F. L. – Passons aux sujets qui fâchent… Dès son arrivée à la présidence de la Cour des comptes, en 1995, Pierre Joxe avait affirmé son intention de « passer au crible le système des primes et rémunérations des agents des trois fonctions publiques avant 1997 ». Aujourd’hui, la cour annonce que, « dans le meilleur des cas », elle ne sera pas en mesure de produire un premier cinquième de cette enquête « avant avril 1999 ». Un retard que la Cour explique par « l’impénétrabilité du système » et « la mauvaise volonté » de certaines administrations. Que répondez-vous à cela ? Avez-vous donné des consignes pour stimuler un peu l’ardeur des administrations à communiquer les données que leur réclame la Cour ?
E. Z. – Nous sommes ici devant un trait de caractère national : les Français dans leur ensemble – et pas uniquement les fonctionnaires – répugnent à parler ou à communiquer sur leurs salaires…
F. M. – Sauf qu’il s’agit d’argent public. Et qu’il est invraisemblable que des documents qui devraient être aussi transparents que les grilles de rémunérations et de primes demeurent à ce-jour inconnus de la Cour des comptes.
E. Z. – Parlons de ce que j’ai fait avec le Gouvernement. Très concrètement, nous avons commencé à publier au JO les régimes indemnitaires des différents corps : il y a déjà un an pour la police, et ces jours-ci pour les préfets et les sous-préfets. Ce n’est qu’un début, j’en conviens… mais je suis d’accord aussi pour dire qu’il faut aller vers plus de transparence.

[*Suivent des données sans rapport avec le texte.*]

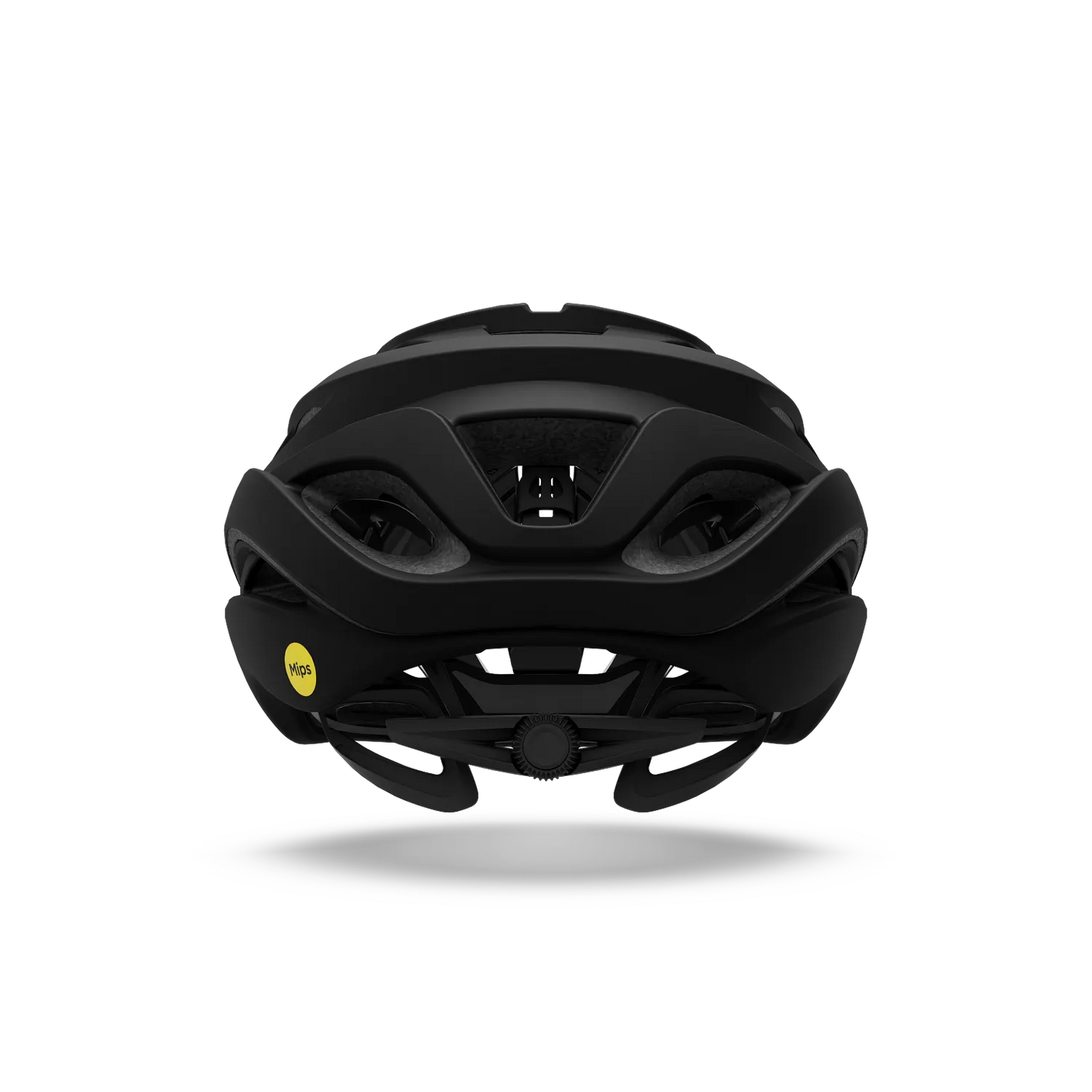 Casque Route GIRO HELIOS MIPS SPHERICAL Noir Mat 2026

F. M. – Autre sujet délicat : les retraites. Les fonctionnaires ont la sécurité de l’emploi, des salaires généralement plus élevés que ceux du secteur privé, et l’assurance que ces salaires augmenteront automatiquement, quelle que soient leurs performances et leur productivité. Dès lors, comment peut-on encore justifier qu’en cotisant moins que les salariés du privé. Ils partent avant eux en retraite avec des pensions plus élevées ?
E Z. – Là non plus, je ne suis pas d’accord avec votre présupposé, et je suis même certain du contraire : à qualification comparable, la retraite des fonctionnaires n’est pas plus élevée que celle des anciens salariés du secteur privé ! C’est la même chose pour les avantages et j’aimerais qu’on dédramatise un peu cette question : les fonctionnaires ne sont pas les seuls, loin de là, à pouvoir partir en retraite à l’âge de 55 ans après 37,5 annuités de cotisations. Si vous cumulez tous les systèmes de préretraite, de FNE, d’Arpe, qui existent, vous vous apercevrez sûrement que le nombre de salariés du secteur privé qui profitent de leur retraite dès 55 ans est plus élevé que celui des fonctionnaires.